Effects and Raster¶
Visual effect systems for NGPC homebrew: HBlank raster effects, palette fades and flash, bitmap mode emulation, sysfont text rendering, deferred VRAM updates, and window animation.
1. Raster / HBlank Effects¶
1.1 Stop-All-DMA Rule at VBlank Entry¶
Reverse engineering of a commercial action game confirms that all DMA channels are stopped at the very start of the VBlank handler, before any work:
ld (0x007c), 0 ; stop DMA0V
ld (0x007d), 0 ; stop DMA1V
ld (0x007e), 0 ; stop DMA2V
ld (0x007f), 0 ; stop DMA3V
ldc DMAC_0, WA ; clear DMAC0 (WA=0)
ldc DMAC_1, WA ; clear DMAC1
ldc DMAC_2, WA ; clear DMAC2
ldc DMAC_3, WA ; clear DMAC3
DMA channels are re-armed after all VBlank work is complete.
This confirms the hardware rule documented in DMA.md: an active DMA during VBlank powers off the watchdog. Never leave a raster DMA (Timer0/1-triggered) active at VBlank entry.
1.2 ngpc_raster API¶
void ngpc_raster_init(void); /* Install HBlank ISR */
void ngpc_raster_disable(void); /* Remove ISR */
/* Scroll table mode (per-scanline scroll) */
void ngpc_raster_set_scroll_table(plane, table_x, table_y);
void ngpc_raster_clear_scroll(void);
/* Callback mode (custom per-line code) */
u8 ngpc_raster_set_callback(line, callback);
void ngpc_raster_clear_callbacks(void);
/* Convenience: parallax bands */
void ngpc_raster_parallax(plane, bands, count, base_x);
Video registers are updated mid-frame via the Timer0 HBlank interrupt. The K2GE applies changes immediately on the next scanline.
Parallax example:
/* 3-layer parallax scrolling */
RasterBand layers[] = {
{ 0, 64 }, /* sky: 0.25x speed (lines 0-49) */
{ 50, 128 }, /* trees: 0.50x speed (lines 50-99) */
{ 100, 256 }, /* ground: 1.00x speed (lines 100-151)*/
};
ngpc_raster_init();
/* In game loop: */
ngpc_raster_parallax(GFX_SCR1, layers, 3, camera_x);
1.3 HBlank Timing Constraints¶
- The HBlank ISR must be extremely fast (~5 µs per scanline at 6.144 MHz ≈ 30 cycles).

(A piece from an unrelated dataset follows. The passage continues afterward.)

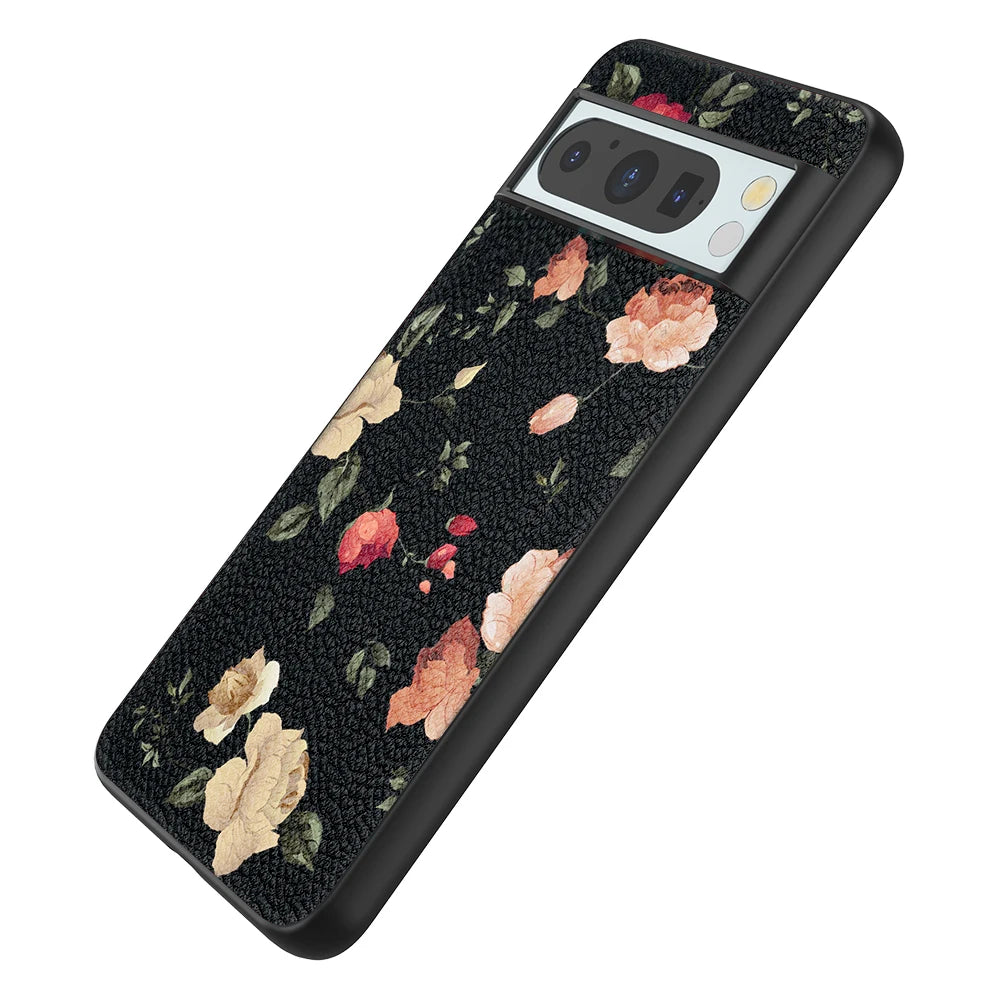 Back Cover Leather Case for Google Pixel 4 XL 4A 5 5A 5G 6 Pro 6A 7 Pro 7A 8 Pro 8A High Quality with Black Flower Pattern Print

- Only write 1-2 registers per HBlank.
- Timer0 is a shared resource — see §6.5 for conflict rules.
2. Palette Effects — ngpc_palfx¶
2.1 API¶
/* Fade */
u8 ngpc_palfx_fade(plane, pal_id, target_colors, speed);
u8 ngpc_palfx_fade_to_black(plane, pal_id, speed);
u8 ngpc_palfx_fade_to_white(plane, pal_id, speed);
/* Cycle (water / lava / rainbow) */
u8 ngpc_palfx_cycle(plane, pal_id, speed);
/* Flash (damage / selection) */
u8 ngpc_palfx_flash(plane, pal_id, color, duration);
/* Control */
void ngpc_palfx_update(void); /* Call once per frame */
void ngpc_palfx_stop(slot); /* Stop + restore original palette */
void ngpc_palfx_stop_all(void);
u8 ngpc_palfx_active(slot); /* Returns 1 if effect is running */
Supports up to 4 simultaneous effects.
- Fade: interpolates each R/G/B channel independently.

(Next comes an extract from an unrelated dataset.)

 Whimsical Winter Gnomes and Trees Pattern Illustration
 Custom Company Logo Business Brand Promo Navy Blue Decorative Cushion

- Cycle: rotates colors 1-2-3; color 0 (transparent) is never touched.
- Flash: holds a solid color for
durationframes, then restores.
2.2 Usage Examples¶
/* Fade to black on scene transition (speed 2 = ~0.5 s) */
ngpc_palfx_fade_to_black(GFX_SCR1, 0, 2);
while (ngpc_palfx_active(0)) {
ngpc_vsync();
ngpc_palfx_update();
}
/* Damage flash: 6 frames in white */
ngpc_palfx_flash(GFX_SPR, player_pal, RGB(15, 15, 15), 6);
/* Water animation: rotate palette every 8 frames */
ngpc_palfx_cycle(GFX_SCR1, WATER_PAL, 8);
2.3 Edge Cases¶
speed=0in fade/cycle is clamped to 1 (minimum 1 step per frame).ngpc_palfx_flash(..., duration=0)returns0xFF— no effect created (no-op).
3. Bitmap Mode — ngpc_bitmap¶
3.1 Overview¶
The NGPC has no hardware bitmap mode. ngpc_bitmap emulates one by assigning
380 unique tiles (filling the 20×19 tile screen) and writing pixels directly into tile RAM.

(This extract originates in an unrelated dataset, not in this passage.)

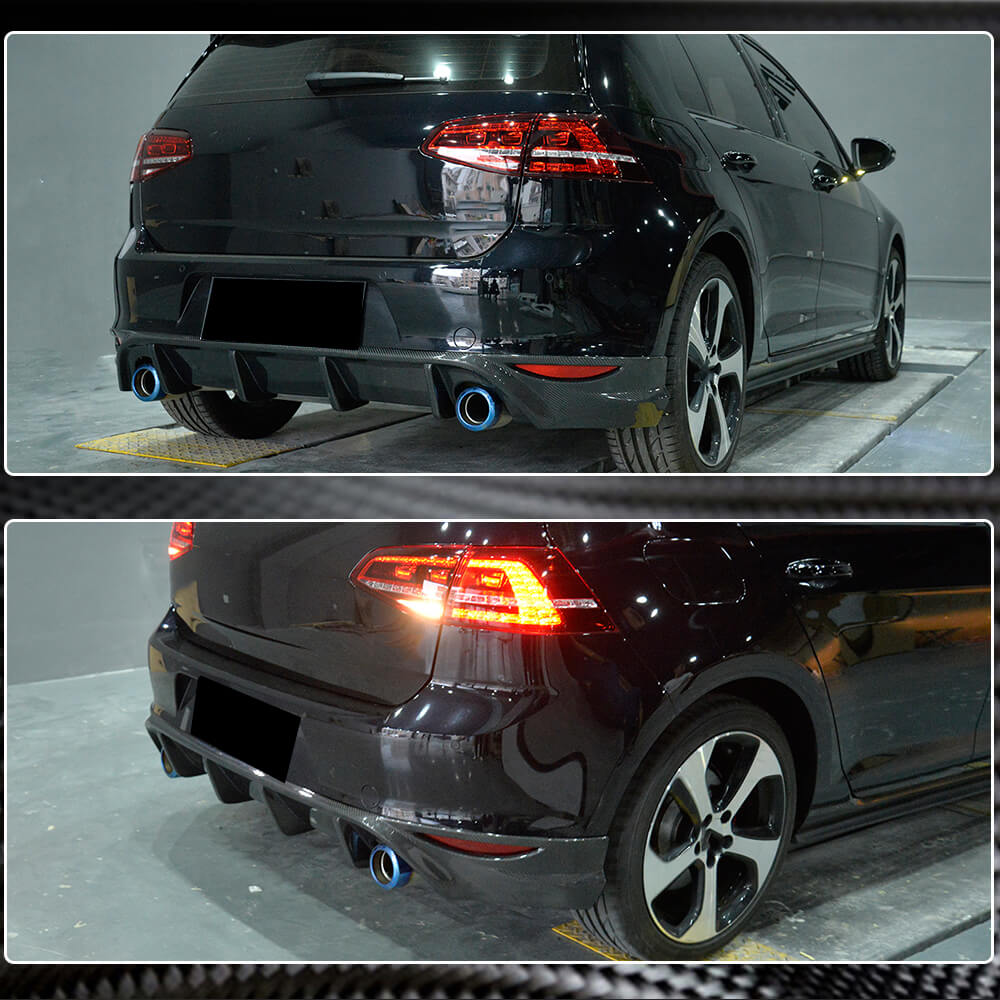 Rear bumper diffuser V2 (for Base/GTI HB 2012-2017, Carbon) for Volkswagen Golf 7/E-Golf - image 4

No flush needed — pixels appear immediately.
3.2 API¶
void ngpc_bmp_init(plane, tile_offset, pal); /* Setup (allocates 380 tiles) */
void ngpc_bmp_pixel(x, y, color); /* Set pixel (color 0-3) */
u8 ngpc_bmp_get_pixel(x, y); /* Read pixel back */
void ngpc_bmp_clear(void); /* Clear all pixels to 0 */
void ngpc_bmp_line(x1, y1, x2, y2, color); /* Bresenham line */
void ngpc_bmp_rect(x, y, w, h, color); /* Rectangle outline */
void ngpc_bmp_fill_rect(x, y, w, h, color); /* Filled rectangle */
void ngpc_bmp_hline(x, y, w, color); /* Fast horizontal line */
void ngpc_bmp_vline(x, y, h, color); /* Vertical line */
Usage example:
ngpc_bmp_init(GFX_SCR1, 0, 0);
ngpc_gfx_set_palette(GFX_SCR1, 0, RGB(0,0,0), RGB(15,0,0), RGB(0,15,0), RGB(15,15,15));
ngpc_bmp_line(0, 0, 159, 151, 1); /* red diagonal */
3.3 Tile Budget¶
| Resource | Amount |
|---|---|
| Tiles consumed | 380 of 512 |
| Tiles remaining for text/sprites | 132 |
| RAM cost | 0 (all writes go directly to VRAM) |
Not compatible with tilemap-based gameplay — use only in dedicated bitmap screens (title art, debug overlays, etc.).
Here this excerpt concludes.